Collection entries
= = =

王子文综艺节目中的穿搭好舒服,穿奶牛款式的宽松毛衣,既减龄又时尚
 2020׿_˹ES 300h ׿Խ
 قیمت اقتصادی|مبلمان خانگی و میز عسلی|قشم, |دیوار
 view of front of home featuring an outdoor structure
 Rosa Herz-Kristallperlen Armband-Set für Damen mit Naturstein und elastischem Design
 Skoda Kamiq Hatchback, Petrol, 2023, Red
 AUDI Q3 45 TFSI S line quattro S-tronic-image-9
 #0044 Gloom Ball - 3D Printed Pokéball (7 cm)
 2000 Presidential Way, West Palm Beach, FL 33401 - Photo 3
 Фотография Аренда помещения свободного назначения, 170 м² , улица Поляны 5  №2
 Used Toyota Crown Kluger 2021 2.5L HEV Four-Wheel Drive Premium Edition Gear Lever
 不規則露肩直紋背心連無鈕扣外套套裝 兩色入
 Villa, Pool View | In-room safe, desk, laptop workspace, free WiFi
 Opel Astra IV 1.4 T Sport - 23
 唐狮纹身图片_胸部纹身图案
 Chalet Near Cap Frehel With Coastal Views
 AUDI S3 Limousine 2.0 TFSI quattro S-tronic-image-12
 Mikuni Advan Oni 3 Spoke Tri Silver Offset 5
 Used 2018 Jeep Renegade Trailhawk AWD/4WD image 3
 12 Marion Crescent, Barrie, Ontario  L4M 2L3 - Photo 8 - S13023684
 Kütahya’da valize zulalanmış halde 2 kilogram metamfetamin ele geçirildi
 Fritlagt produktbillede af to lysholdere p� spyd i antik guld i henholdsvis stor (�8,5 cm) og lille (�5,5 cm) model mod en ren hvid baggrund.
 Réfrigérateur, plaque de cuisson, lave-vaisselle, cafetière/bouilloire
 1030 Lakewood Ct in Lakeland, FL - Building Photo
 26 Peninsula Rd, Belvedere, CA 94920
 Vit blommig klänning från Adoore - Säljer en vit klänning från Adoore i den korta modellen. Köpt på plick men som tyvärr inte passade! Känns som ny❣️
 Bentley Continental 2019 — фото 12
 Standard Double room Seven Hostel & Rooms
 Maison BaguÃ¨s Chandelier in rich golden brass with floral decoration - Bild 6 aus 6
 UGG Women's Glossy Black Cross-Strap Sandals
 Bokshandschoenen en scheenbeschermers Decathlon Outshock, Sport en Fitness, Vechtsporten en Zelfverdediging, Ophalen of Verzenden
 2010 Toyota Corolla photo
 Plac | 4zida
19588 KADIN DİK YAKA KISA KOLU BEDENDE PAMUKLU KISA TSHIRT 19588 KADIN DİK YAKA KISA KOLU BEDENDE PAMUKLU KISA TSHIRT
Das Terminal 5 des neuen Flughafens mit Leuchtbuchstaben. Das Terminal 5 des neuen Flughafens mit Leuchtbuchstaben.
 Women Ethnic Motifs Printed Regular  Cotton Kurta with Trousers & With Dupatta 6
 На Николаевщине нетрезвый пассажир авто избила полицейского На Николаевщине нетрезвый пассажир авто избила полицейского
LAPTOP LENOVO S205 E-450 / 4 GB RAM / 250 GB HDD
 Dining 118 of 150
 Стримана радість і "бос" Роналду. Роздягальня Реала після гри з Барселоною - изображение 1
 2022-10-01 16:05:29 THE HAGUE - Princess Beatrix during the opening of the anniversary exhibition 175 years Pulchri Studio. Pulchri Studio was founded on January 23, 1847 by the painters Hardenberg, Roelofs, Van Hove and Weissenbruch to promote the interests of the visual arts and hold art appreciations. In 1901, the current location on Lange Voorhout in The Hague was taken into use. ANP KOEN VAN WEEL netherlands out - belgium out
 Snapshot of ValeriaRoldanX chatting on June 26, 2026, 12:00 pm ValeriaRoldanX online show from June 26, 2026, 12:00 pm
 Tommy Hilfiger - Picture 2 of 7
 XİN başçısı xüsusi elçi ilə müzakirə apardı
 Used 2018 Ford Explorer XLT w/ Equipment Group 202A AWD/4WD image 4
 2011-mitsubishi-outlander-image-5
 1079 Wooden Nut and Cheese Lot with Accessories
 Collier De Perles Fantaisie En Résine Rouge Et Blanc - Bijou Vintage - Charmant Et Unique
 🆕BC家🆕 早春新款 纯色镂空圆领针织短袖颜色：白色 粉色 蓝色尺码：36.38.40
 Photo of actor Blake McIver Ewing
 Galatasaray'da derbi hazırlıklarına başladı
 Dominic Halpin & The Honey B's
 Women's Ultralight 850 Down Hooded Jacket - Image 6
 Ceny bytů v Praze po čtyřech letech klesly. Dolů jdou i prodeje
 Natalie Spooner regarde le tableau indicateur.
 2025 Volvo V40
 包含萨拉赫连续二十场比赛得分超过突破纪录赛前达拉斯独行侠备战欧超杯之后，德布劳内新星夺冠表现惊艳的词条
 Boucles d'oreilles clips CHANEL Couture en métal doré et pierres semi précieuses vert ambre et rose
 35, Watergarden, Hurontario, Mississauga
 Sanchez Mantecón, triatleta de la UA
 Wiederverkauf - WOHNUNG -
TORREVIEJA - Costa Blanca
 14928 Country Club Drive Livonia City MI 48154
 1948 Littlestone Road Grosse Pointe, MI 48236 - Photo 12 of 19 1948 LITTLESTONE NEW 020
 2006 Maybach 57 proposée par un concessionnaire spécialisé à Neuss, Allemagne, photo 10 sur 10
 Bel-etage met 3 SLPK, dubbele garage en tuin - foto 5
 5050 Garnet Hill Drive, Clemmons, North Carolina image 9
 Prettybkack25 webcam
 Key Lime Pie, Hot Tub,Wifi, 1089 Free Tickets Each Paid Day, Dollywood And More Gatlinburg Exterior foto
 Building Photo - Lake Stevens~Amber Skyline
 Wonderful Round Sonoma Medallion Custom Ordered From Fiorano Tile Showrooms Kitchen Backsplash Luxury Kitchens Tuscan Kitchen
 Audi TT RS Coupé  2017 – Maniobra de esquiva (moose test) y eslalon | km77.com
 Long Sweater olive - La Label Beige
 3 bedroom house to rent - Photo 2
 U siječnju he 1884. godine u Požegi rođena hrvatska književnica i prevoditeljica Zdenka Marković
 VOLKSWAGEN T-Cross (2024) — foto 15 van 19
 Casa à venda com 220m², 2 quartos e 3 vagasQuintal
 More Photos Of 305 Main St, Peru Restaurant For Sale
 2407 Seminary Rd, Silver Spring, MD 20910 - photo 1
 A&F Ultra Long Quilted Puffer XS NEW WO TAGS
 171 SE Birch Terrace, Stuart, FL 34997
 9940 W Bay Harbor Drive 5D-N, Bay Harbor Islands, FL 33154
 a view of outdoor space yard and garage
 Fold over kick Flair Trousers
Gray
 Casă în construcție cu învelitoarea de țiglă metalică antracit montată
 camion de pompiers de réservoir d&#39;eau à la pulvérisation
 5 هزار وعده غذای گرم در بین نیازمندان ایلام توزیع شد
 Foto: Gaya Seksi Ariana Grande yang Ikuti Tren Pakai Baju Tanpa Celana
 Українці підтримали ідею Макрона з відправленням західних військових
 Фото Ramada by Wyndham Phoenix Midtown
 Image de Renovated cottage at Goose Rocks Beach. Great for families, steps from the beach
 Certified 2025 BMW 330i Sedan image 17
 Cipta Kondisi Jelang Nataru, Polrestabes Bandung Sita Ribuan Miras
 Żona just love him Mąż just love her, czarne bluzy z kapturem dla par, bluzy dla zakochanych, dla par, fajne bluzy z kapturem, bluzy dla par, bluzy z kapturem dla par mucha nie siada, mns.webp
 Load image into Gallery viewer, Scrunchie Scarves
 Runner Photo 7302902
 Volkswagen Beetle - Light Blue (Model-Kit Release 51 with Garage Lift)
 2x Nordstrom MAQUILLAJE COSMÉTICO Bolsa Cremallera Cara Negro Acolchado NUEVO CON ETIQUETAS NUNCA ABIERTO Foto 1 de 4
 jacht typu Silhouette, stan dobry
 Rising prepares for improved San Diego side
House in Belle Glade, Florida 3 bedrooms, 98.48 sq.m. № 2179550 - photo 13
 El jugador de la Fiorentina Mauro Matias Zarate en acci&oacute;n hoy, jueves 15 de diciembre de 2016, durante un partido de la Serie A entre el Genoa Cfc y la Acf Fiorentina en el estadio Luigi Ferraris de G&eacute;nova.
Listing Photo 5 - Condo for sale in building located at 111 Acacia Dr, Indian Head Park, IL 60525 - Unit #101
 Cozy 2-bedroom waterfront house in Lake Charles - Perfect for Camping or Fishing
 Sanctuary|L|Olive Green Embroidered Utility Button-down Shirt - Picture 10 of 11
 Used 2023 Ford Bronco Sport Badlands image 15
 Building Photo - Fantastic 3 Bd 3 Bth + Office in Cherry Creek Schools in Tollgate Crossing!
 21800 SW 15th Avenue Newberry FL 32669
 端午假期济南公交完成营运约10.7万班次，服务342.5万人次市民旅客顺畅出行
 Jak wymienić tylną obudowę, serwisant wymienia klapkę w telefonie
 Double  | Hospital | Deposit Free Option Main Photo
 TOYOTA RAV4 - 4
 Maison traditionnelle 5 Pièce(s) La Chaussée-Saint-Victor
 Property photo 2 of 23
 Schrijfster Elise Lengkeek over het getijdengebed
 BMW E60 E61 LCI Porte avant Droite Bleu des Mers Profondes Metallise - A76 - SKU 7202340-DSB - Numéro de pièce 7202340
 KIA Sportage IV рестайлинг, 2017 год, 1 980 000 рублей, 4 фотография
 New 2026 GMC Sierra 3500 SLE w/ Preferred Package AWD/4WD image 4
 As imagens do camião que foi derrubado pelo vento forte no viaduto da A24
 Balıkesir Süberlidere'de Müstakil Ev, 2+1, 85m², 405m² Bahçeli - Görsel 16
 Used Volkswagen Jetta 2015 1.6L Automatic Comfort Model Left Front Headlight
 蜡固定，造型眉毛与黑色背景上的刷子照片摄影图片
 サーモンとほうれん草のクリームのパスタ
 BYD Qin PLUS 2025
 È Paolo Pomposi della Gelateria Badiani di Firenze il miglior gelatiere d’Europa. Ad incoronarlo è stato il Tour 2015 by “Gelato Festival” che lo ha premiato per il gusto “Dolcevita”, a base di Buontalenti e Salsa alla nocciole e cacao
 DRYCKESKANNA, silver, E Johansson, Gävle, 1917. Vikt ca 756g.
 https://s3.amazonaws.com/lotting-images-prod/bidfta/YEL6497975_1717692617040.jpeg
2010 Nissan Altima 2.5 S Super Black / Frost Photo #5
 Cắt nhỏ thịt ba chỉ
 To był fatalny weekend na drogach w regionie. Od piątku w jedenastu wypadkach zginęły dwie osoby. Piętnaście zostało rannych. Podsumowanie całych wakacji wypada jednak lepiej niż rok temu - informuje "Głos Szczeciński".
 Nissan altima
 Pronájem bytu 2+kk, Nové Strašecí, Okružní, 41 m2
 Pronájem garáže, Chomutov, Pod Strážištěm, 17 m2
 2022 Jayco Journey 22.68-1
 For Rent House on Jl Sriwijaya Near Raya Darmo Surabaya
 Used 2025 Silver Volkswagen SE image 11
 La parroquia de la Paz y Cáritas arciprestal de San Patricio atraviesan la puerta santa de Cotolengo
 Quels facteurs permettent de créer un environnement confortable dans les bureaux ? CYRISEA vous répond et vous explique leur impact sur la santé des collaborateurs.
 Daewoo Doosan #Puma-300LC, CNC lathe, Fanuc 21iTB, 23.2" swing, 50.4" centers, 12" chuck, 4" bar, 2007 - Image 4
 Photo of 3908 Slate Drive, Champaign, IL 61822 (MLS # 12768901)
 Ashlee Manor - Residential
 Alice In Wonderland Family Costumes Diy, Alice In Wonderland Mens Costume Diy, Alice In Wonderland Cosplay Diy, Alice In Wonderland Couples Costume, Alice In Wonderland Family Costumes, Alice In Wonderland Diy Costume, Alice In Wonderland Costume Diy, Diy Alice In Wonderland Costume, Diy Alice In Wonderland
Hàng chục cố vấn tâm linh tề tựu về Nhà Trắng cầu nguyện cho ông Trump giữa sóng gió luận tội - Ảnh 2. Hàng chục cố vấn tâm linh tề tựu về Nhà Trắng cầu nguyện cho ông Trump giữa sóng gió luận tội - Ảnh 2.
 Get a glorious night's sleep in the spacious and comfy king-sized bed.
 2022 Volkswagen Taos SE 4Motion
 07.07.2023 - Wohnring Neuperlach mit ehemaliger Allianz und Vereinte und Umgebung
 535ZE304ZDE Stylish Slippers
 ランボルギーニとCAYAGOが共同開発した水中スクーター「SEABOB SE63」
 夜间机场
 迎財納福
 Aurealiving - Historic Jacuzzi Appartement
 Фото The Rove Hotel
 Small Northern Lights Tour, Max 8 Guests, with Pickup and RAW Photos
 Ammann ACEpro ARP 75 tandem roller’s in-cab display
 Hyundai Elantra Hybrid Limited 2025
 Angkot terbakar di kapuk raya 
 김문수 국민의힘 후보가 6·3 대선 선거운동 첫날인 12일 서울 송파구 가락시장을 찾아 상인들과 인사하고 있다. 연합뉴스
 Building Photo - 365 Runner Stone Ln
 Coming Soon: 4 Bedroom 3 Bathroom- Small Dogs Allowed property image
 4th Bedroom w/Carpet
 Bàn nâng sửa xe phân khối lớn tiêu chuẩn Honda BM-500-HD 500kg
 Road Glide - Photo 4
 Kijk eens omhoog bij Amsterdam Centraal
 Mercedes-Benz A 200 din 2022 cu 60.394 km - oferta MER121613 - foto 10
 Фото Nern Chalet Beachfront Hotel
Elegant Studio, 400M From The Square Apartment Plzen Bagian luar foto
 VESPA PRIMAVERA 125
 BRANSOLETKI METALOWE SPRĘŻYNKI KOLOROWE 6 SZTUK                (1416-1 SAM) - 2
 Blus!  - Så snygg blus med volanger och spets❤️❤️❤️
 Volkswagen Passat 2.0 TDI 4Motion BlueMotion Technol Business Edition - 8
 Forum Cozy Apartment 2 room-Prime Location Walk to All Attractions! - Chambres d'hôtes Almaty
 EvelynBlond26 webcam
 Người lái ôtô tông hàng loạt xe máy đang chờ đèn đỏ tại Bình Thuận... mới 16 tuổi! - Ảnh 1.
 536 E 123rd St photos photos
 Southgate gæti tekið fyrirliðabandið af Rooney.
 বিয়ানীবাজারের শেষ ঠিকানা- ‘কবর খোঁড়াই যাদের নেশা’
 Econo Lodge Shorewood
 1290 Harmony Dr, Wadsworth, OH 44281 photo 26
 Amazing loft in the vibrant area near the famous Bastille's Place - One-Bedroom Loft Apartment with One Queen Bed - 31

= = =

Exact duplication is required for the lines above, from the line that contains "包含萨拉赫连续二十场比赛得分" to the line that contains "Key Lime Pie, Hot", inclusive; omit all others.

Problem solution:
 包含萨拉赫连续二十场比赛得分超过突破纪录赛前达拉斯独行侠备战欧超杯之后，德布劳内新星夺冠表现惊艳的词条
 Boucles d'oreilles clips CHANEL Couture en métal doré et pierres semi précieuses vert ambre et rose
 35, Watergarden, Hurontario, Mississauga
 Sanchez Mantecón, triatleta de la UA
 Wiederverkauf - WOHNUNG -
TORREVIEJA - Costa Blanca
 14928 Country Club Drive Livonia City MI 48154
 1948 Littlestone Road Grosse Pointe, MI 48236 - Photo 12 of 19 1948 LITTLESTONE NEW 020
 2006 Maybach 57 proposée par un concessionnaire spécialisé à Neuss, Allemagne, photo 10 sur 10
 Bel-etage met 3 SLPK, dubbele garage en tuin - foto 5
 5050 Garnet Hill Drive, Clemmons, North Carolina image 9
 Prettybkack25 webcam
 Key Lime Pie, Hot Tub,Wifi, 1089 Free Tickets Each Paid Day, Dollywood And More Gatlinburg Exterior foto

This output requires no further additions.